Kampania przed referendum
Podstawą do utworzenia rejestru takich miejsc, jak podaje "Guardian" były dla węgierskiego ministerstwa głównie blogi i "strony internetowe prezentujące teorie spiskowe". 751 "no-go-zones" ma się znajdować we Francji. Takie dane Węgrzy uzyskali z opublikowanego w 2006 roku wpisu Daniela Pipesa, który pisząc o francuskich "wrażliwych strefach miejskich" miał po raz pierwszy użyć terminu "no-go-zone" w odniesieniu do okolicy zamieszkanej w wysokim stopniu przez migrantów.

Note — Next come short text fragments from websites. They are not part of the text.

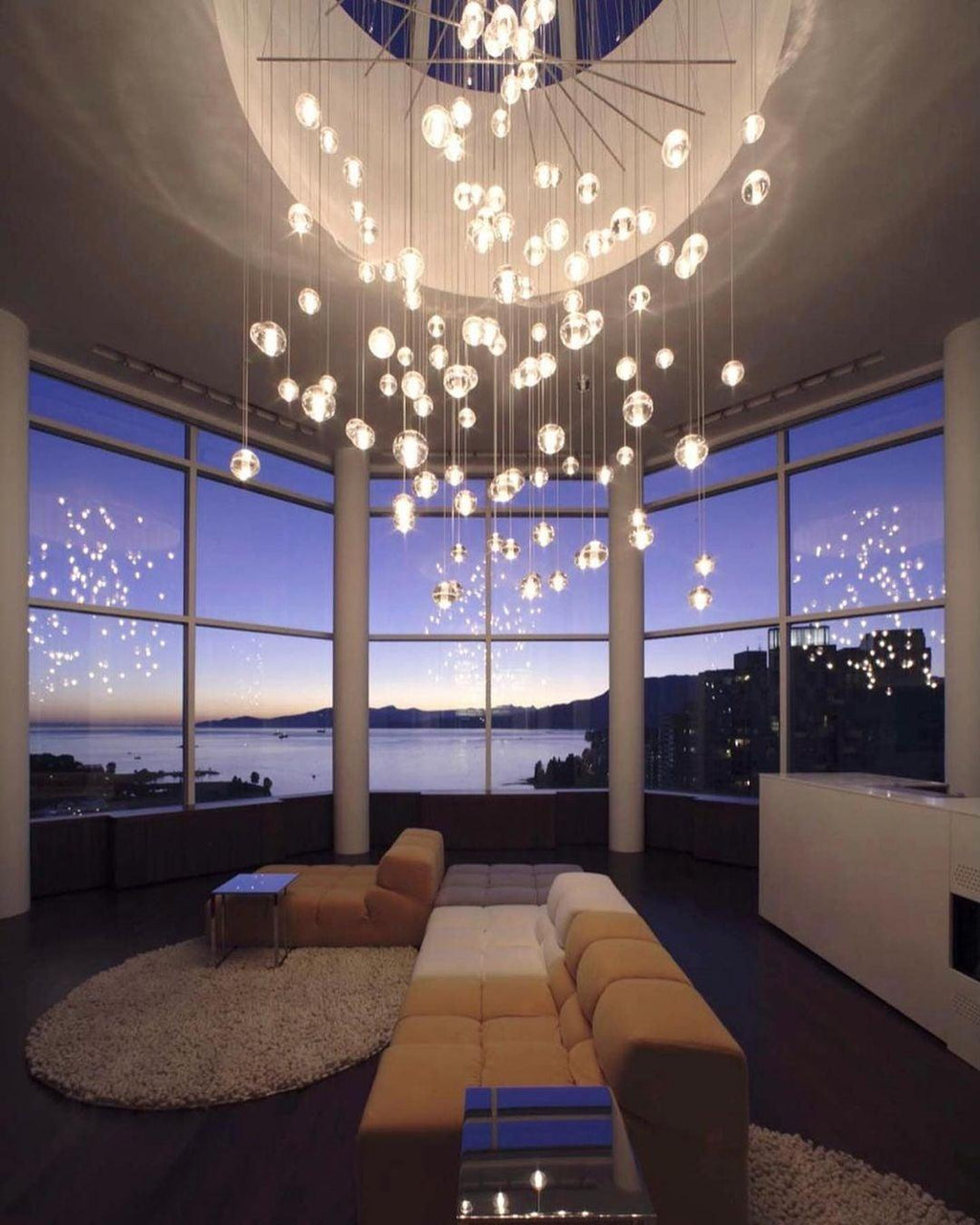 A large burst of lit spheres from this Clérachic pendant light radiates from a round ceiling recess in a sunset-lit corner room.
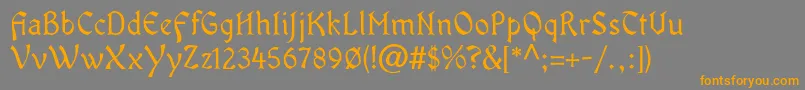OldaniaadfstdRegular-Schriftart – Orangefarbene Schriften auf grauem Hintergrund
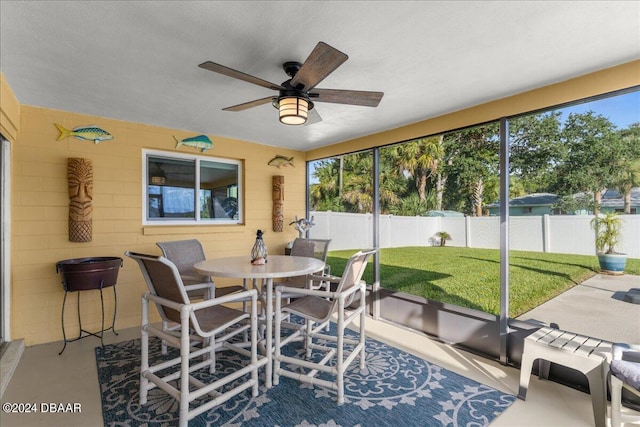 sunroom / solarium with ceiling fan and a healthy amount of sunlight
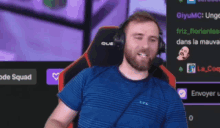 a man wearing headphones and a blue shirt is sitting in front of a screen that says code squad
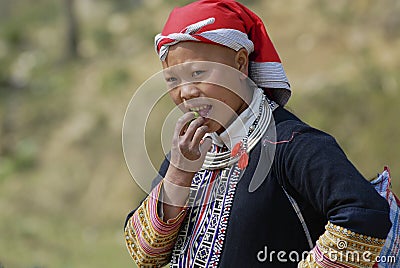 Lady in traditional Red Dzao hill tribe dress eats fruit in Sapa, Vietnam. Editorial Stock Photo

Podczas zaplanowanego na jesień referendum obywatele Węgier odpowiedzą na pytanie, "Czy chcesz, żeby Unia Europejska nakazała obowiązkową relokację nie-Węgrów na terytorium Węgier bez zgody węgierskiego parlamentu".
Węgierski sceptycyzm
Premier Węgier Viktor Orbán odmówił wzięcia przez jego kraj udziału w planach Unii Europejskiej, by dokonać relokacji 160 tys. migrantów w systemie kwotowym. Projekt narzucenia krajom w sposób odgórny, ilu migrantów mają przyjąć, określił mianem "nadużycia władzy". – W ciągu czterech lat możemy stracić rozeznanie, czy jesteśmy w Londynie, Paryżu, czy Budapeszcie – komentował w minionym roku.
"Guardian"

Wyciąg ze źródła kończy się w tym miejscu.